A youthful couple's penchant for color inspires a much-venerated New York design team to create a dynamic Key Biscayne Home.

Bold Yellow Lacquer Wall Entry with Chandelier and Artwork

A Claudia Wieser faceted-mirror artwork from Marianne Boesky Gallery in New York welcomes visitors in the entry of this Key Biscayne home designed by Ellie Cullman and Alyssa Urban with the help of architect Thomas Kligerman and builder Grey Marker. Manhattan decorative painting firm Uriu LLC lacquered the entry wall in a bold citron yellow, while a vintage tubular glass pendant from Karina Gentinetta Disegno hangs from the ceiling.

Lounge Chair Living Room with Gold Touches and Windows

A seating area in the living room is anchored by a custom Habité sofa by Anthony Lawrence Belfair flanked by vintage Willy Daro lamps; a custom chaise sits next to a brass side table purchased through London dealer Alexander Cohane. A vintage Gigi Radice armchair from Gustavo Olivieri Antiques in East Hampton, New York, and a Greek key coffee table from John Salibello, also in New York, complete the setting, which sits atop a custom pale zebra-pattern carpet by Joseph Carini Carpets.

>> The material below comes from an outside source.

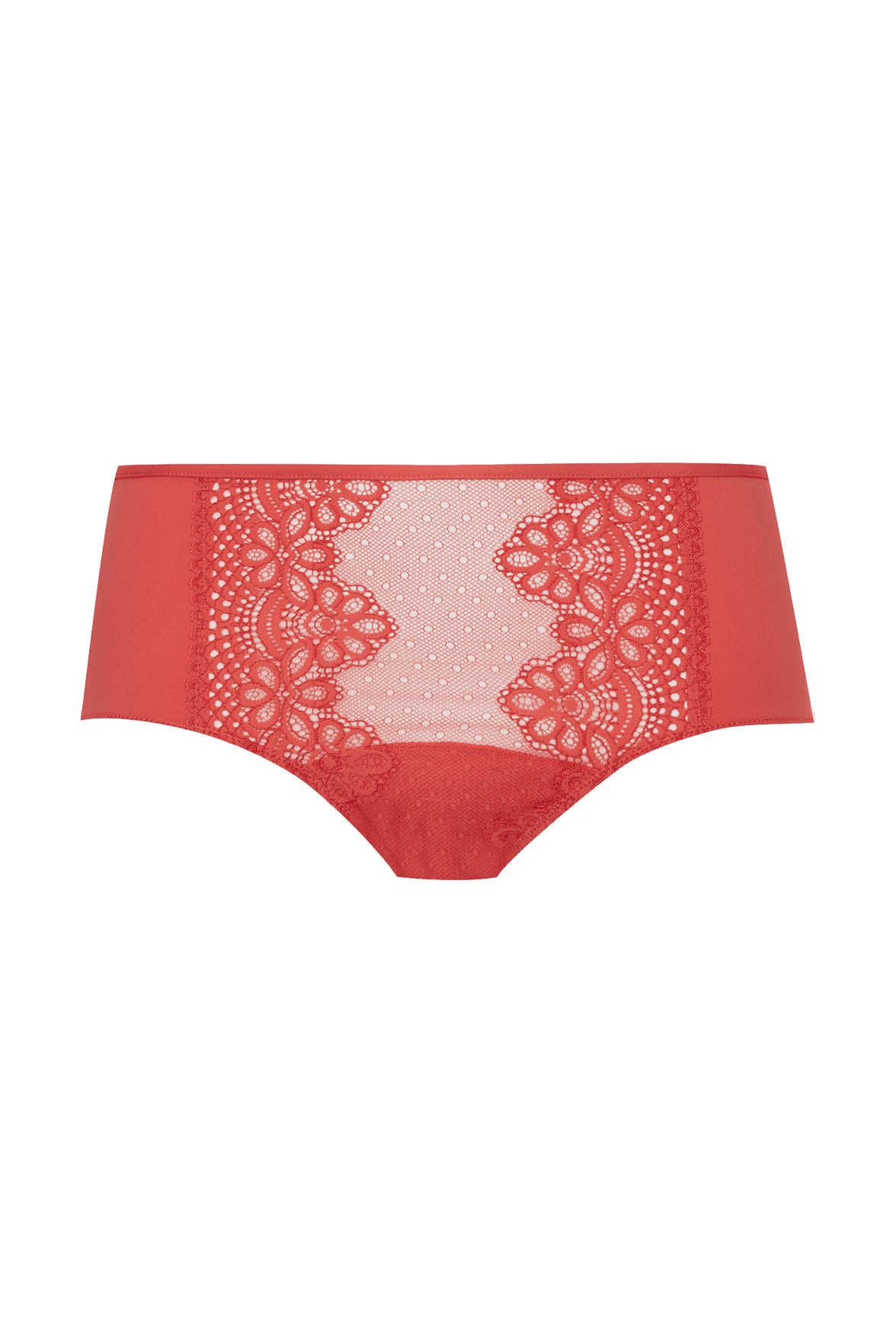 Shorty en dentelle et microfibre L'irrésistible - Corail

Artful Dining Room with Yellow Chairs and Branch Lighting

In the dining room, Urban designed the table with a brass-inlaid top crafted by Larrea Studio and a base made by Harris Rubin. It is surrounded by custom Kate dining chairs by Anthony Lawrence Belfair and illuminated by a Charles de Lisle chandelier from The Future Perfect in New York. A painting by Eddie Martinez from New York’s Mitchell-Innes & Nash gallery hangs above the Harris Rubin console from Dennis Miller Associates, also in New York.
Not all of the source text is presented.